EnerNOC: Demand Response IPO
Lunch with an Efficiency Expert
Yesterday, I had lunch with Howard Geller, Ph.D., one of our nation's leading experts in energy efficiency and energy policy. Howard is the director of the Southwest Energy Efficiency Project (SWEEP), former Executive Director of ACEEE, and has a Doctorate in Energy Policy from the University of Sao Paulo in Brazil.
My first question for industry experts is which companies are doing good things in their feilds, and I was especially interested in Howard's answers because energy efficiency is so much more difficult to pin down than most other types of renewable energy. If you want to invest in wind power, you can choose from a list of over a hundred companies. Investing in energy efficiency is much trickier: it is possible to buy manufacturers of more efficient products, such as LEDs or hybrid vehicles, but the greatest gains in efficiency come from better system design. If you want to invest in hybrids, you might buy Toyota (NYSE: TM), but you might also consider investing in batteries, or efficient electric motors. And a hybrid car is an extremely simple system when compared to efficient buildings.
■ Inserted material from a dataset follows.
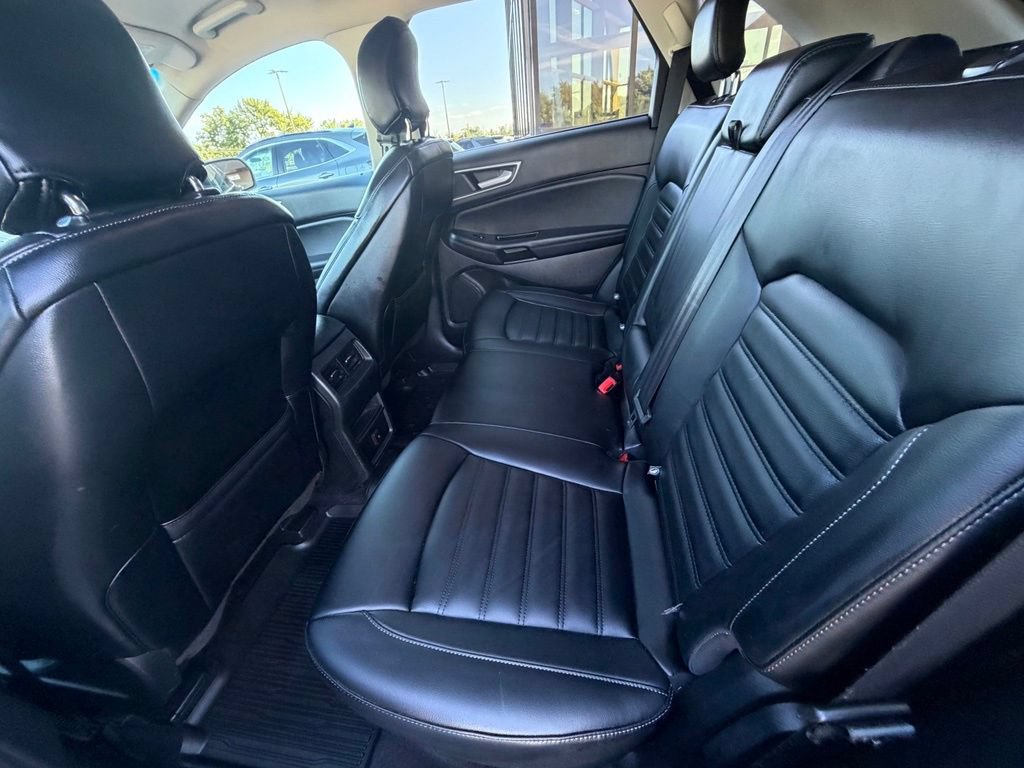 Certified 2019 Ford Edge SEL w/ Equipment Group 201A AWD/4WD image 47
EnerNOC and Demand Response
We talked about several public companies, but for most of them, energy efficiency is only a small part of their operations. There's no Vestas of energy efficiency. An then he mentioned a company I had not yet heard of, because they are not yet public. EnerNOC specializes in demand response and energy management, which basically means making better use of the generation capacity we already have. If we are going to avoid building more coal plants and make better use of intermittent power from renewable sources such and wind and solar, we can invest in expensive electricity storage, or we can shift our use of electricity to times when it is easier to supply. This is exactly what demand response technologies enable.
In addition, Demand Response allows utilities to delay the construction of new transmission by reducing peak loads, and helps to prevent power outages. Large cities such as New York are particularly good prospects for demand response, because they have the added constraint that additional transmission is particularly hard to add in densely populated areas.
EnerNOC recently filed with the SEC for an IPO. The lead underwriters are Credit Suisse Securities (USA) LLC and Morgan Stanley & Co., whom you can contact for a prospectus. I just did so myself, and will review it to determine if I will recommend that any of my clients participate. Note that this article shall not constitute an offer to sell or the solicitation of an offer to buy; that can only be done through the prospectus when it becomes available.
Market and Competition
I expect the market for Demand Response services and enabling technology to grow rapidly over the next few years. TXU will likely be a big customer for demand response services as a way to meet rising peak demand without building 8 of its 11 planned new coal plants. Demand response is also likely to be an enabling technology to get more intermittent resources on the electrical grid, allowing people to use power when it's being generated for free by the sun or wind, and to use less when it has to be drawn from limited or expensive power storage or generated with dirty and increasingly expensive fossil fuels.
EnerNOC does not have the space to itself. In addition to private competitors like Energy Curtailment Specialists, Inc., ConsumerPowerLine, and Comverge which are also busy inking deals with utilities. One public (but not pure-play) competitor is Energy Connect, a subsidiary of Microfield Group, Inc. (OTCBB:MICG). But given the potential rapid growth of the industry, there should be room for many companies to participate and thrive.
Tom Konrad, Ph.D. is an independent investment adviser registered in the state of Colorado who helps people reach their investment goals while protecting the environment.
DISCLOSURE: Neither Tom Konrad nor any of his clients hold positions in EnerNOC.